Is intensive care unit necessary for geriatric hip fractures?
Author(s) -
Muharrem Kanar,
Raffi Armağan,
Yunus Öç,
Mehmet Ali Talmaç,
Osman Tugrul
Publication year - 2017
Publication title -
sisli etfal hastanesi tip bulteni / the medical bulletin of sisli hospital
Language(s) - English
Resource type - Journals
eISSN - 1308-5123
pISSN - 1302-7123
DOI - 10.5350/semb.20170613034900
Subject(s) - hip fracture , geriatric care , intensive care unit , medicine , geriatric trauma , intensive care medicine , medical emergency , nursing , osteoporosis , poison control , injury prevention , injury severity score
Date of acceptance / Kabul tarihi: June 13, 2017 / 13 Haziran 2017 ABSTRACT: Is intensive care unit necessary for geriatric hip fractures?

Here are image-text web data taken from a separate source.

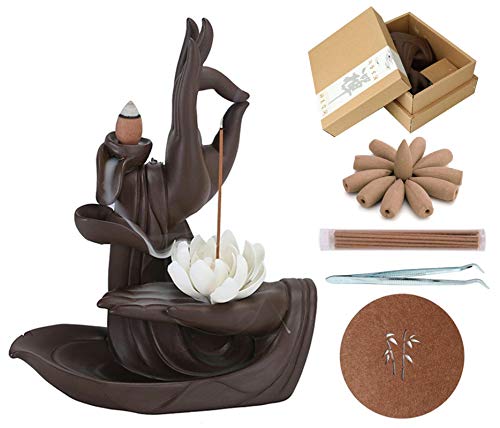 Keramik Räucherstäbchenhalter Rückfluss Räuchergefäß Luftbefeuchter für Freies Kegel ''Lotus'' Aromatherapie Räucherstäbchen Rückfluss Weihrauch Cover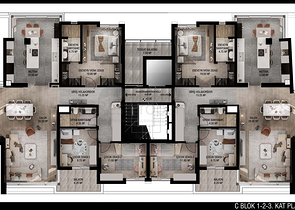 Квартиры планировки 3+1 в микрорайоне Улуч - Анталия 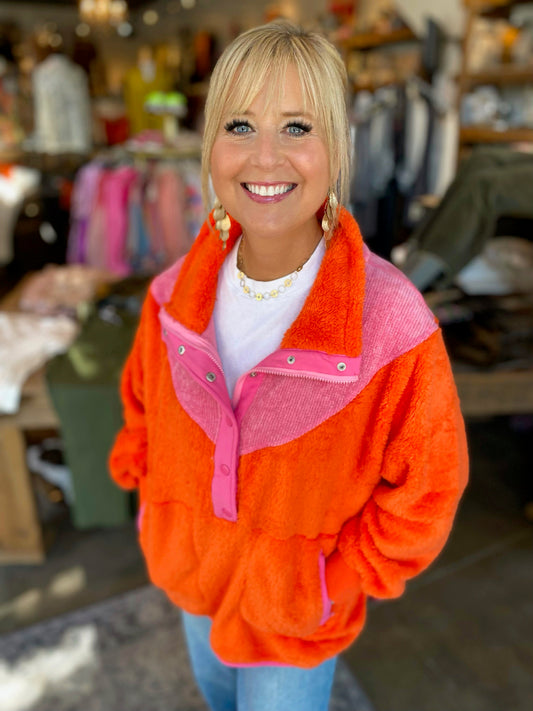 Electric Orange / Pink Pullover Jacket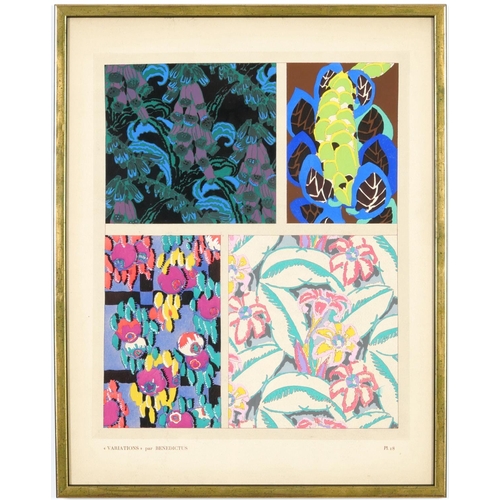 71 - EDOUARD BENEDICTUS, Flower Pochoir 1924, a set of four variations, pochoir  by Jean Saude, 39 x 31.5... 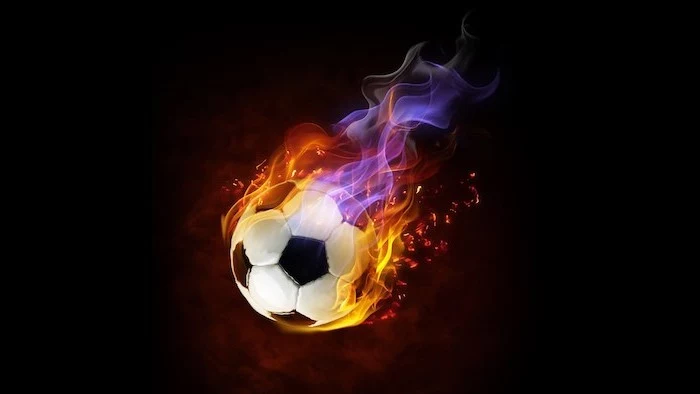 digital drawing of football on fire with orange and purple flames cool phone wallpapers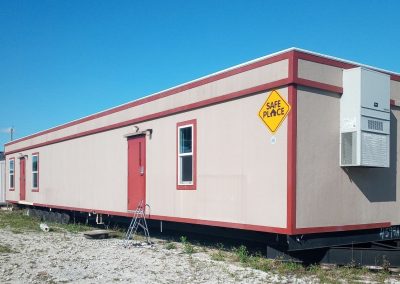 Exterior of modular fire station building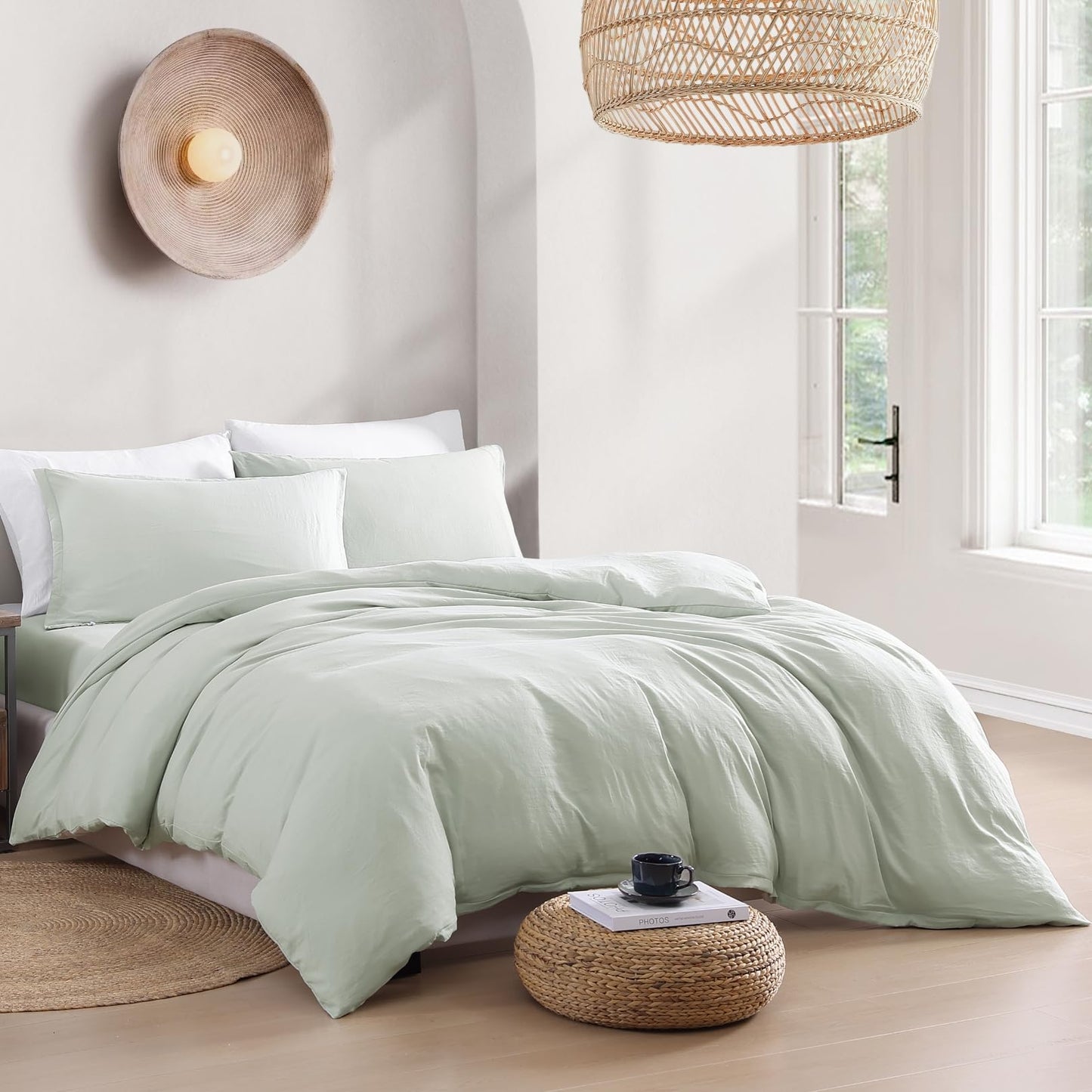 LANE LINEN Queen Duvet Cover Set 3 Piece - Prewashed Soft Brushed Microfiber Bedding with Zipper - Includes Duvet Cover & 2 Shams - Mineral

Objective: As life expectancy increases, so does the prevalence of diseases observed in the elderly. Hip fractures that usually occur with simple falls are profoundly more common in the elderly population. In the present study, we aimed to examine the outcomes of patients with proximal femoral fractures aged >65 years who were admitted to intensive care units and orthopaedic clinics during postoperative period. Materials and Method: The study included 118 elderly patients (aged >65 years) with proximal femoral fractures who were surgically treated between 2010 and 2015 in our orthopaedic and traumatology clinics. Patients who had ASA 3 score and, were available from medical records of hospital archives. Our aim was to evaluate the mortality rate during the early postoperative period (30 days). Patients were categorised into two groups based on where they were admitted to during the postoperative period. Results: The intensive care unit group or the orthopaedic and traumatology care group. There was no significant difference between the two groups in terms of mortality rate during the early postoperative period. Conclusion: For patients with proximal femoral fractures aged >65 years with an American Society of Anesthesiologists score of 3 and who are thoroughly evaluated preoperatively, complications that may develop as a result of delays in the time-to-surgery caused by postoperative intensive care requirements may be reduced by performing the surgery without delay.